As a geoscience educator I emphasize geologic principles, scientific reasoning, and the societal utility of geoscience research. I commonly integrate drawing and visualization activities to reinforce key concepts. I am a proponent of field-based teaching through mapping and outcrop interpretation exercises–the best geologists are those that have seen the most rocks.


Illustrating the strike and dip of foliation using a field book, Qoomalangma Detachment, southern Tibet

Assistant Professor at Montana State University

Field Methods: I developed Field Methods at Montana State University as an upper-level course that is specifically designed to prepare students for Field Camp. I focus on experiential learning to reinforce concepts from Structural Geology, Sedimentology/Stratigraphy, and Paleontology, as well as other subject areas. Students are exposed to geologic mapping for the first time in this course, taking advantage of local field areas around Bozeman. This year (2018), I’m integrating digital geologic mapping techniques using tablet computers and a new module on geologic hazards, including slope failure prediction calculations and mapping volcanic hazards on the Big Island of Hawaii in GIS.

Field Camp I co-instructed Field Camp at Montana State University for the first time in May and June, 2018. Our crew of two faculty and 22 students traversed across the Colorado Plateau, western Utah, the Uinta Mountains in Wyoming, Grand Teton National Park, and southwest Montana. Field Camp consisted mainly of self-guided mapping and sedimentology exercises to piece together the geologic history of each region. Students gained understanding of Cordilleran orogenic belts by visiting some of the more important components, including the Sevier Belt, Laramide Province, and foreland basin system.

Introduction to GIS and Cartography: I enjoy teaching principles of map making and spatial analysis to a diverse crop of students in Intro to GIS and Cartography. I take a broad approach, utilizing examples from census data, politics, urban planning, natural resource conservation, and geology to illustratate fundamental concepts. In the laboratory, I strive to teach students how to create highly effective maps and function autonomously as a map-maker.

Teaching Assistant at the University of Arizona, Department of Geosciences:

Structural Geology (Spring 2014, Fall 2014, Spring 2016): As a teaching assistant for Structural Geology laboratory, I led two, four-hour laboratory classes per week with 20-30 students per class. Laboratory exercises focused on the principles of structural geology, including stress and strain, three-point problems, orthographic projection, geologic mapping, cross section construction and interpretation, and fabric analysis. I developed a laboratory exercise on stress and strain, a computer lab based exercise on research methods for a term paper, and led day-long field trips focused on geologic mapping in the Tucson and Catalina Mountains.

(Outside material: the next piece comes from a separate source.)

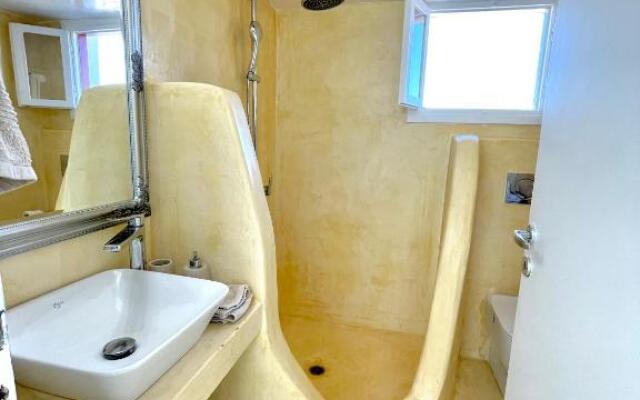 Serifos Stone Villas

Physical Geology (Fall 2010, Fall 2012, Fall 2015): As a teaching assistant for physical geology I led 2-3, three-hour laboratory classes per week with 20-30 students per class. Laboratory exercises focused on the basic principles of geology, rock and mineral identification, geologic map interpretation, and geologic history reconstruction. In addition, I led in-class and weekend field trips to the Tucson, Catalina, and Whetstone Mountains to reinforce concepts and teach field methods.

Oceanography (Spring 2012): As a teaching assistant for oceanography I led weekly study sessions to reinforce geographic, geologic, and oceanographic concepts, conduct map interpretation exercises, and help with homework and projects. I also served as a guest lecturer. Study sessions typically numbered 30 students and the lecture numbered more than 300.